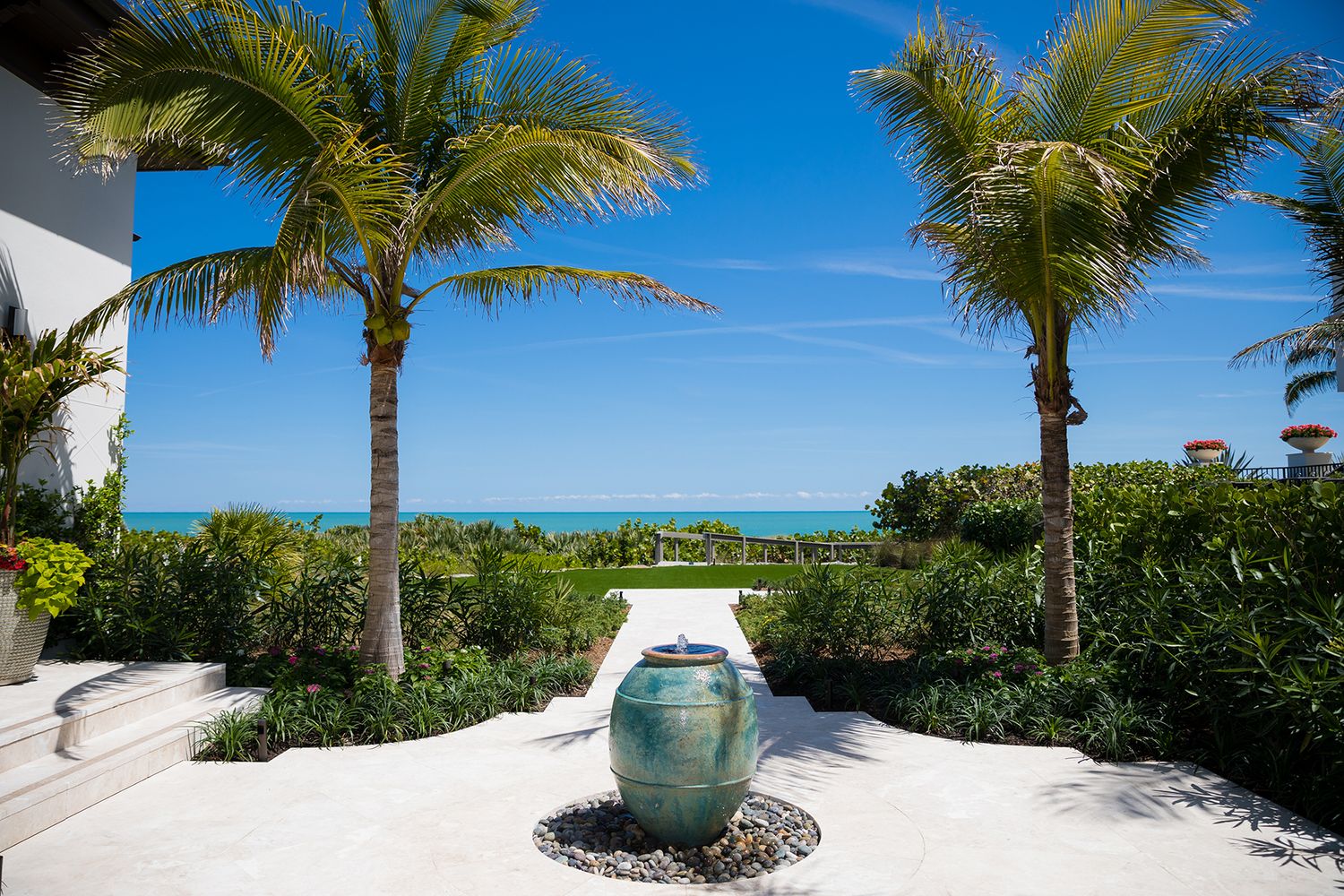 Decorative garden urn between two palm trees overlooking ocean view landscape.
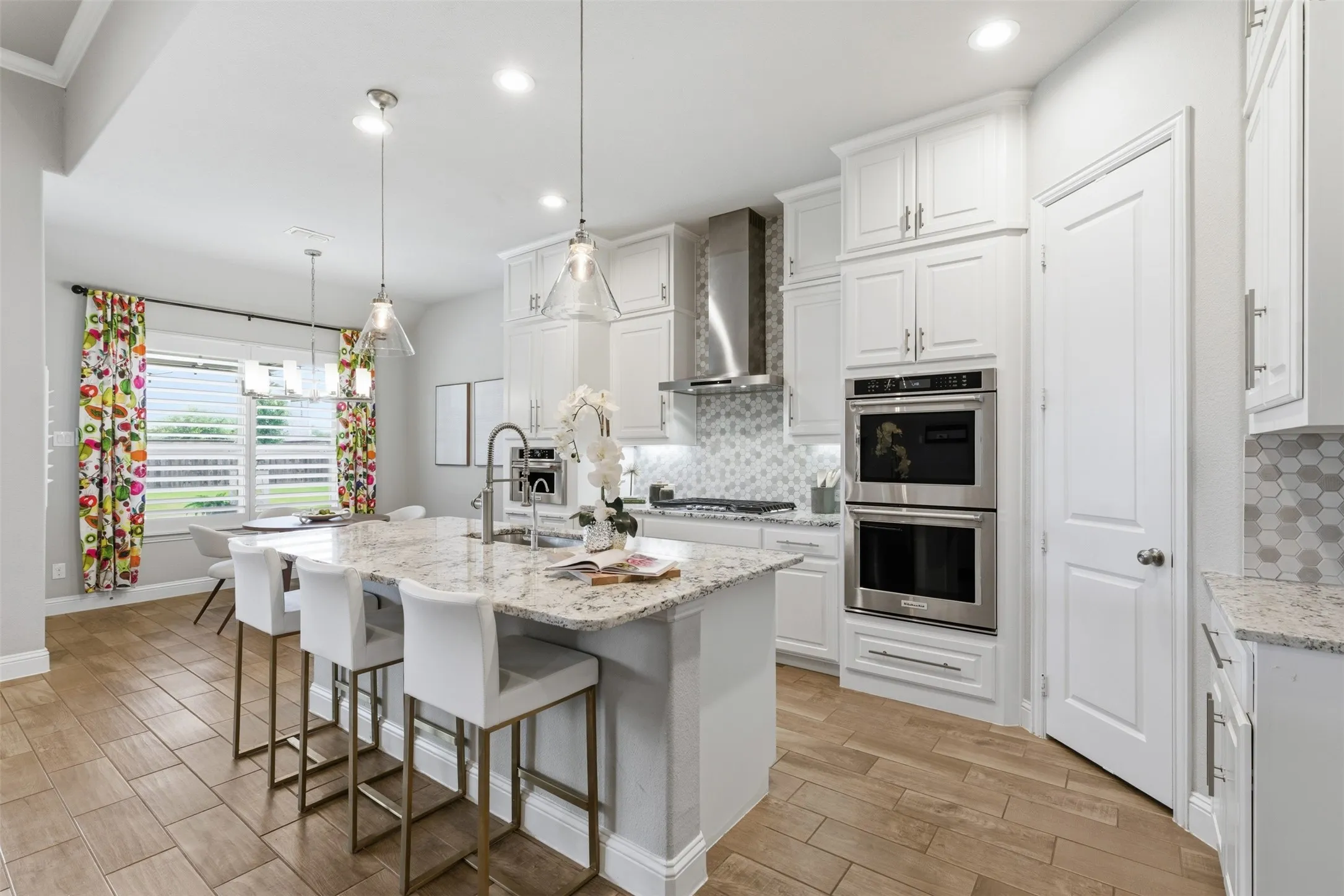 Modern kitchen with wood-finish tile flooring and an oversized island featuring a light-toned countertop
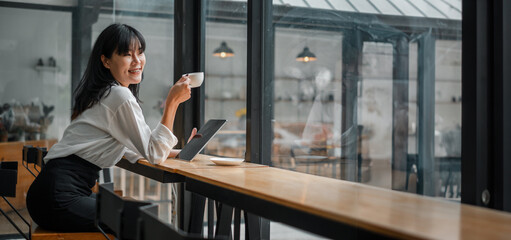 A woman is sitting at a table in a cafe, smiling and holding a cup of coffee. She is also holding a tablet and a laptop, which suggests that she might be working or browsing the internet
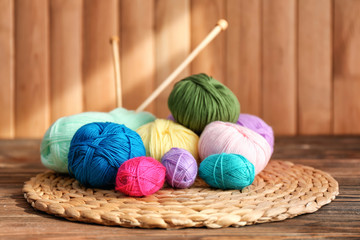 Colorful knitting yarn on wicker mat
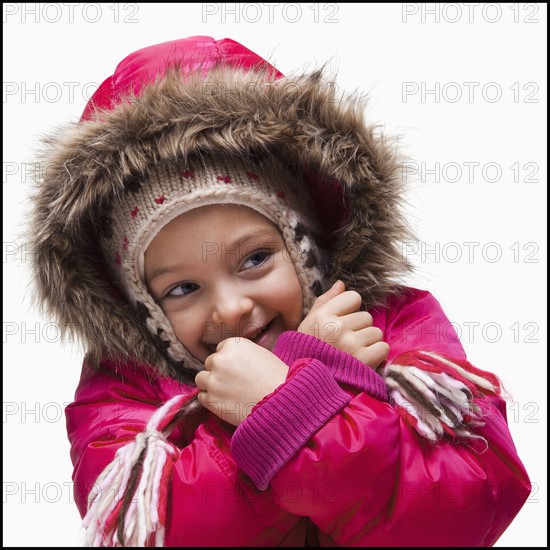 Young girl wearing winter clothing. Photographer: Mike Kemp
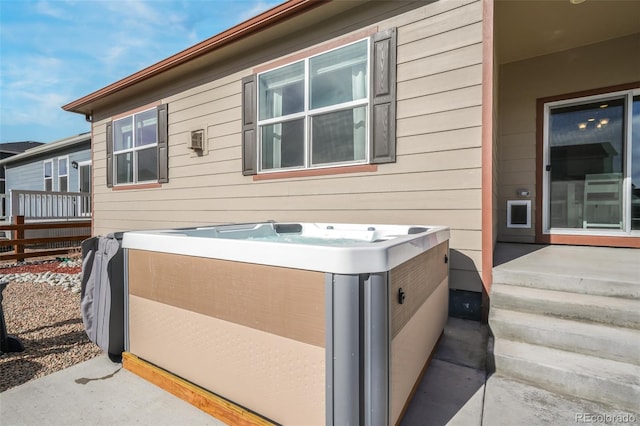 view of side of property with a hot tub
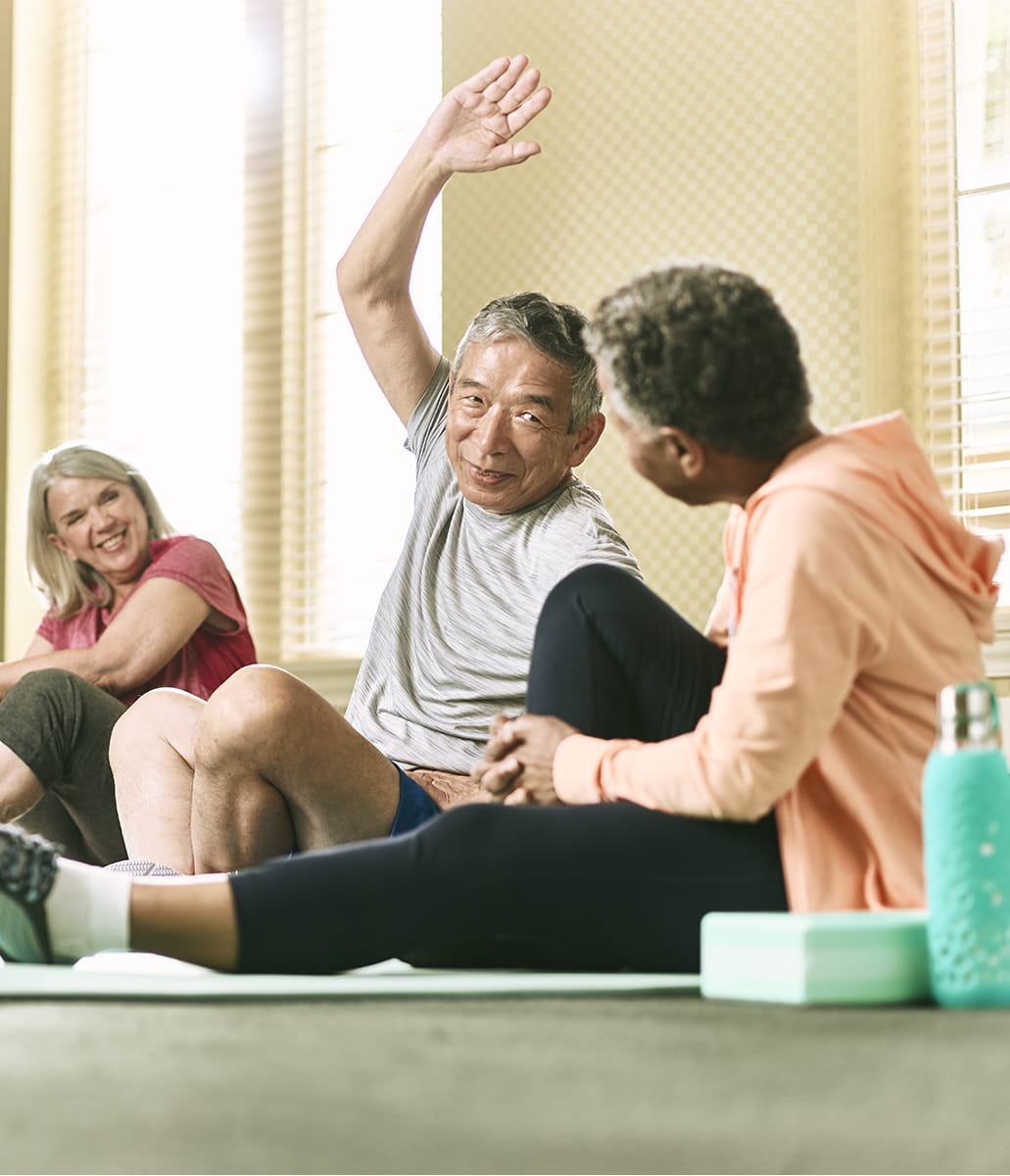 People sitting down stretching.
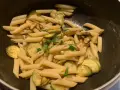 Penne con zucchine saltate e basilico fresco, un classico piatto di pasta e zucchine alla siciliana, pronto per essere gustato.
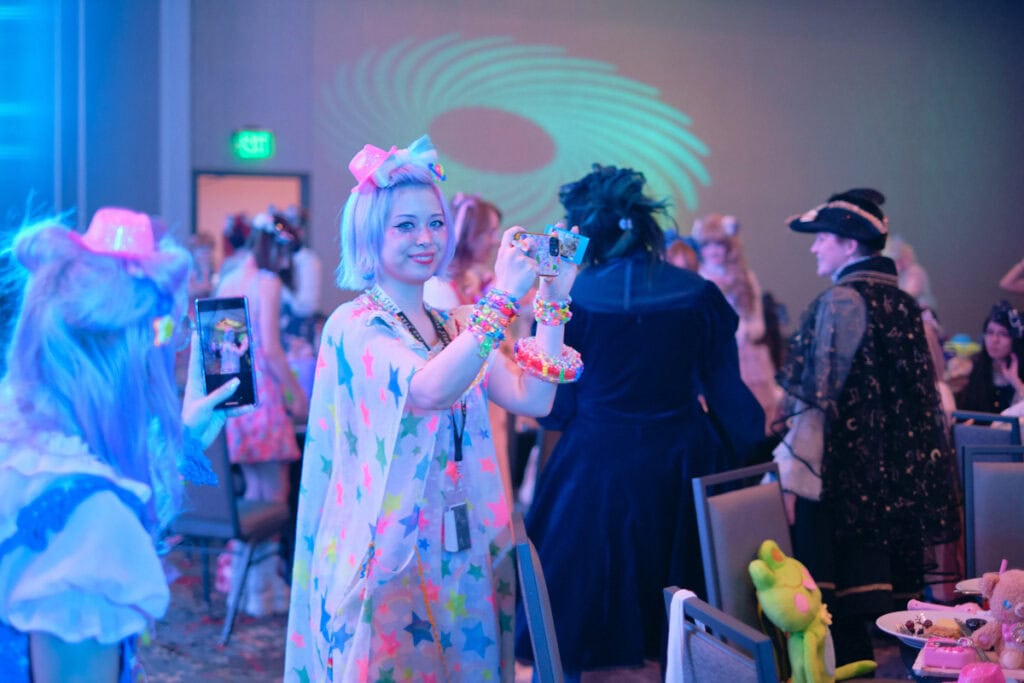Model Haruka Kurebayashi taking a photo with cell phone.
____________
TASK STATEMENT: A faithful copy of all the lines above is needed, with the pictures omitted.

ANSWER TO THIS EXERCISE:
 Decorative garden urn between two palm trees overlooking ocean view landscape.
 Modern kitchen with wood-finish tile flooring and an oversized island featuring a light-toned countertop
 A woman is sitting at a table in a cafe, smiling and holding a cup of coffee. She is also holding a tablet and a laptop, which suggests that she might be working or browsing the internet
 Colorful knitting yarn on wicker mat
 Young girl wearing winter clothing. Photographer: Mike Kemp
 view of side of property with a hot tub
 People sitting down stretching.
 Penne con zucchine saltate e basilico fresco, un classico piatto di pasta e zucchine alla siciliana, pronto per essere gustato.
Model Haruka Kurebayashi taking a photo with cell phone.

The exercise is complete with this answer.